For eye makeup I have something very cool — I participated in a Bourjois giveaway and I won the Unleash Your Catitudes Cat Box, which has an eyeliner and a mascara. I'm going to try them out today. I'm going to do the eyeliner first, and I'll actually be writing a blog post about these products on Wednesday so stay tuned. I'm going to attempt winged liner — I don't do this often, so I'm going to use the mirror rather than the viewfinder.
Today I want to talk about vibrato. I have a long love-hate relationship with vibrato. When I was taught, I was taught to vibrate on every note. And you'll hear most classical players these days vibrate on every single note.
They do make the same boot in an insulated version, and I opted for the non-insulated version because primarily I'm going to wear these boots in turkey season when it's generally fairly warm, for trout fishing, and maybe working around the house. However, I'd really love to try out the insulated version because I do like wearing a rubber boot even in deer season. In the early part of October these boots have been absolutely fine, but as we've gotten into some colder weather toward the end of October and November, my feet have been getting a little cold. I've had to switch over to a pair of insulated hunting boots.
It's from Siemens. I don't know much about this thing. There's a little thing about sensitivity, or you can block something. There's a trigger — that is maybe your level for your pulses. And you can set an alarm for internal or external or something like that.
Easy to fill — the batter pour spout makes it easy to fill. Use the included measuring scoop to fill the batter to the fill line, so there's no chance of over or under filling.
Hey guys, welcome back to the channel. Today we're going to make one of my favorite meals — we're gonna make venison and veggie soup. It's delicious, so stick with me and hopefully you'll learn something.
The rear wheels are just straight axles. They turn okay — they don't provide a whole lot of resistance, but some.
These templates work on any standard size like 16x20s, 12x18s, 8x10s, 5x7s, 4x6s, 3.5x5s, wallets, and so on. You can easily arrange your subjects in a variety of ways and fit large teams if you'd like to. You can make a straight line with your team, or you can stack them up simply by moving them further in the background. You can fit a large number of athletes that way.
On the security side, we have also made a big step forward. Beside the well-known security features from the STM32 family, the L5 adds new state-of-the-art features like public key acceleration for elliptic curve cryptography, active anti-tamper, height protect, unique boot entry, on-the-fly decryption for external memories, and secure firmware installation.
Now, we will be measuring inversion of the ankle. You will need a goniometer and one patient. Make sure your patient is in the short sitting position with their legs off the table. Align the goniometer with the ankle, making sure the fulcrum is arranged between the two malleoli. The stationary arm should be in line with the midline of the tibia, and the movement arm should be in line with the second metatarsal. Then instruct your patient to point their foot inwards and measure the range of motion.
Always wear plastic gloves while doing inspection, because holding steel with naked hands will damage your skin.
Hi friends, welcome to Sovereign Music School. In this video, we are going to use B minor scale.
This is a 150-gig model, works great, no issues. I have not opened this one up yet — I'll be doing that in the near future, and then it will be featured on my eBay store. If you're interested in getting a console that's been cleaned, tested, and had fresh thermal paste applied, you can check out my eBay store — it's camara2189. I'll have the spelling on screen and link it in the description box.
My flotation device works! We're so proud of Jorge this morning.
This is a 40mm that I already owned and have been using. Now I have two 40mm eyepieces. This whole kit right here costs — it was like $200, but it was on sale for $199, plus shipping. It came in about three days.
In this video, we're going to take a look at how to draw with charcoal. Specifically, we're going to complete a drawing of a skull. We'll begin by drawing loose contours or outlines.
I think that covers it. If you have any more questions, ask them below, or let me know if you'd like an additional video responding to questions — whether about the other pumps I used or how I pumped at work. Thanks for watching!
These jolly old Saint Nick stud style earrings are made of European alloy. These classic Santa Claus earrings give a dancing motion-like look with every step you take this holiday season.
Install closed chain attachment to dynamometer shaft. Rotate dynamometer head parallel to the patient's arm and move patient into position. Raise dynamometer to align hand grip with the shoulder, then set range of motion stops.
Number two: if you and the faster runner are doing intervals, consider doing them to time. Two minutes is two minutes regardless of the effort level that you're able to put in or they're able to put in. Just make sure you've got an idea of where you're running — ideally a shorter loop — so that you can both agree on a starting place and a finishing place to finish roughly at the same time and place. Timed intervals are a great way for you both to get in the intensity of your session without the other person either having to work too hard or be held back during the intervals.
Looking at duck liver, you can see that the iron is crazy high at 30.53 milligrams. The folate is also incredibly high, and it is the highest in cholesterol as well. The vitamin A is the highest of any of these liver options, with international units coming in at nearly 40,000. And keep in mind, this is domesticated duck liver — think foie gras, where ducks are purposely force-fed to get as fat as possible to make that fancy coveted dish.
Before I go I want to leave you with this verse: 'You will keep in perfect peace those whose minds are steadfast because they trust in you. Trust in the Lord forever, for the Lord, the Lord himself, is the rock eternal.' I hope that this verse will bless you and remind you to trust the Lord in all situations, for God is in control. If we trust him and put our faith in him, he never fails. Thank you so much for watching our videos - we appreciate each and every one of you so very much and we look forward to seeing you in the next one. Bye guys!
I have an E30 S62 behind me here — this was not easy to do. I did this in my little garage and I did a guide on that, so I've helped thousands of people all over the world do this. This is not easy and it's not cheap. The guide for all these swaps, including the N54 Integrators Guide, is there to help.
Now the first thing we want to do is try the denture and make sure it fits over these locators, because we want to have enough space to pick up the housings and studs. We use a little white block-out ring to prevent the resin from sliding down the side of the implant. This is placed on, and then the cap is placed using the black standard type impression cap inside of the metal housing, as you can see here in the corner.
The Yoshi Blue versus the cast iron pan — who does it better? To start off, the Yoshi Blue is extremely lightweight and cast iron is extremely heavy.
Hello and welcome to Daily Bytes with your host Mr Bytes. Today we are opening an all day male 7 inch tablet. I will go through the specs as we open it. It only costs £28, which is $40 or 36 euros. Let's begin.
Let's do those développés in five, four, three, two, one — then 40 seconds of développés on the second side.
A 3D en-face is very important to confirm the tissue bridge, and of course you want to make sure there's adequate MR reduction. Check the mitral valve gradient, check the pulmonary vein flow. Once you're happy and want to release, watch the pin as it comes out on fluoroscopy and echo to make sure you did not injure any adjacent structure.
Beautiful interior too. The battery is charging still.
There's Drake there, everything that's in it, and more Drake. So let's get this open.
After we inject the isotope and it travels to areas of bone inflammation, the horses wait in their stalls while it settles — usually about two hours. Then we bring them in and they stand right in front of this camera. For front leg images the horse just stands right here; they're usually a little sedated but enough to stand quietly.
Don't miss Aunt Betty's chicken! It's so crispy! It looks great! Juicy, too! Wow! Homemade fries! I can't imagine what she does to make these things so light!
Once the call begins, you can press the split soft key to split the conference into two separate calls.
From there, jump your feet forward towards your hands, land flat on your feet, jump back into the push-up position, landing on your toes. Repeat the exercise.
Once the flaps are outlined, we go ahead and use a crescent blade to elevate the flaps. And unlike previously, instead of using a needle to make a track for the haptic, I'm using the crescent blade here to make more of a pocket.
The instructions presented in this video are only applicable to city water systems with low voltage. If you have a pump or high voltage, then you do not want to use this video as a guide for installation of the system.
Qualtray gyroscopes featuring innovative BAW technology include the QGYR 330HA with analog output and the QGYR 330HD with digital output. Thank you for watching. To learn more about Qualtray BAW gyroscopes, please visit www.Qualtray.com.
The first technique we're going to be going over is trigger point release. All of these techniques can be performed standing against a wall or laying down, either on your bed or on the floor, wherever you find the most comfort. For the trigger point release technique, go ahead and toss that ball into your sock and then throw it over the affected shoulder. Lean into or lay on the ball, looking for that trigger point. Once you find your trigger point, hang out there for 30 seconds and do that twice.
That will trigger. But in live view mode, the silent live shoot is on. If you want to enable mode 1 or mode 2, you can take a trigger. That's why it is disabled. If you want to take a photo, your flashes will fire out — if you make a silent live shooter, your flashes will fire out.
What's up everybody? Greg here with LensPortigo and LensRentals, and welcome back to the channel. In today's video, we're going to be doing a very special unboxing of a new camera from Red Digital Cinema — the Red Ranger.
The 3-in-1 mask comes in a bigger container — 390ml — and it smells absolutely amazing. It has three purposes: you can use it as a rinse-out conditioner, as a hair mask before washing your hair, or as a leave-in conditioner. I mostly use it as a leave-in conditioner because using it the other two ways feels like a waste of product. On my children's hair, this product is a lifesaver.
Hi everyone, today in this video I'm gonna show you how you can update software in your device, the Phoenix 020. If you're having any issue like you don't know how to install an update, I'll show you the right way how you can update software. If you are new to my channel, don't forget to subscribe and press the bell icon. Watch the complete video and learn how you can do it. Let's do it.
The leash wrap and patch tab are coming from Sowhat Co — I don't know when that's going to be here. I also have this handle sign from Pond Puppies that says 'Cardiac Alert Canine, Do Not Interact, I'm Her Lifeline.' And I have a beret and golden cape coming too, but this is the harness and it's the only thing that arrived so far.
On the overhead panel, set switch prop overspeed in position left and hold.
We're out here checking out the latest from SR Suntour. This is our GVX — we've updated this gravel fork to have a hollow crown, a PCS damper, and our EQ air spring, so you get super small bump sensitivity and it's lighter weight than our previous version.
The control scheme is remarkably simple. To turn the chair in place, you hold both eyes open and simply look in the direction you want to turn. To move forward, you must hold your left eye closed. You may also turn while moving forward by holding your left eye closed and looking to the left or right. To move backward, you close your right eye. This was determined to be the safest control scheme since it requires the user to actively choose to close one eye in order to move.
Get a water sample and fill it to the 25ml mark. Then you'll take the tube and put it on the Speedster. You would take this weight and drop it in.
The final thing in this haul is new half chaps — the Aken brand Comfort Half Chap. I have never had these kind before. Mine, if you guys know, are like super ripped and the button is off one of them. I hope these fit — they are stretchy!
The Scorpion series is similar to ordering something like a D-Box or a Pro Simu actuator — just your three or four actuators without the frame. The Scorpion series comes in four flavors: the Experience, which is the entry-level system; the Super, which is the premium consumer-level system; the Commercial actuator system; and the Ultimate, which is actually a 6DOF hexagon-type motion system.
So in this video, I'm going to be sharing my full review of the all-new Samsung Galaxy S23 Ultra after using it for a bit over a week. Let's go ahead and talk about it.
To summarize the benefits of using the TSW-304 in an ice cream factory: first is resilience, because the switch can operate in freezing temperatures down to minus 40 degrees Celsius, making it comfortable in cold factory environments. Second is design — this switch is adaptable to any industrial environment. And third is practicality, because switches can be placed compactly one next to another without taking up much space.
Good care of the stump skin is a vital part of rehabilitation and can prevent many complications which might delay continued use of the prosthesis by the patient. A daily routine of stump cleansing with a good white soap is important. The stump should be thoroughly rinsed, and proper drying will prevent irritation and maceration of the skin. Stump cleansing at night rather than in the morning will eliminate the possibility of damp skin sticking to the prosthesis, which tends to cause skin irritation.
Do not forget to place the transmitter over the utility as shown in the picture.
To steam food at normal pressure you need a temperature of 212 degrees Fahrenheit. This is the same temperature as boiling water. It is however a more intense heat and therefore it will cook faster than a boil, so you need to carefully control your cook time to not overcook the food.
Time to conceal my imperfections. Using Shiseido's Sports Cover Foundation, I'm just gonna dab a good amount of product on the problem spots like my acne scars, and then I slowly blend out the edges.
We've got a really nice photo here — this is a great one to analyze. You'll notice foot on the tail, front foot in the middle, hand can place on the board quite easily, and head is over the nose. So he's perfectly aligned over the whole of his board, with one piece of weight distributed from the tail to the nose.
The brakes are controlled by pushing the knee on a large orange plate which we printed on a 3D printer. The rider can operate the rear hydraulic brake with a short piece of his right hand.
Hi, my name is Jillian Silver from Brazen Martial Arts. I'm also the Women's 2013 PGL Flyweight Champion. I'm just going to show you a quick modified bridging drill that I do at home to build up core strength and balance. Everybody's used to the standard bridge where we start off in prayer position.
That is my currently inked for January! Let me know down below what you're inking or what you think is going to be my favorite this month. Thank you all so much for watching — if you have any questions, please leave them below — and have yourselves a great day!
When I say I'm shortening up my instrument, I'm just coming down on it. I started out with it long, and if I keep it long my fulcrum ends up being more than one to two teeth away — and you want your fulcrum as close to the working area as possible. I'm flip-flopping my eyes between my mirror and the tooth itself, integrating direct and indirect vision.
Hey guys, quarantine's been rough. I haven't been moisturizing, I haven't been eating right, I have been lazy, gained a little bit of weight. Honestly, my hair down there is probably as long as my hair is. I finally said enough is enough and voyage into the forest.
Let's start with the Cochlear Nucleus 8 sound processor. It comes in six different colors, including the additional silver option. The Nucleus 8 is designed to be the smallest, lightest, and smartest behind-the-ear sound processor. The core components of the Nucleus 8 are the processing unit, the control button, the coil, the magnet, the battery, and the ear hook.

_WORK TO COMPLETE_: The reply should consist solely of the lines above from the one that has "From there, jump" through the one that has "The instructions presented", reproduced exactly.

_OUTPUT FOR THIS EXERCISE_:
From there, jump your feet forward towards your hands, land flat on your feet, jump back into the push-up position, landing on your toes. Repeat the exercise.
Once the flaps are outlined, we go ahead and use a crescent blade to elevate the flaps. And unlike previously, instead of using a needle to make a track for the haptic, I'm using the crescent blade here to make more of a pocket.
The instructions presented in this video are only applicable to city water systems with low voltage. If you have a pump or high voltage, then you do not want to use this video as a guide for installation of the system.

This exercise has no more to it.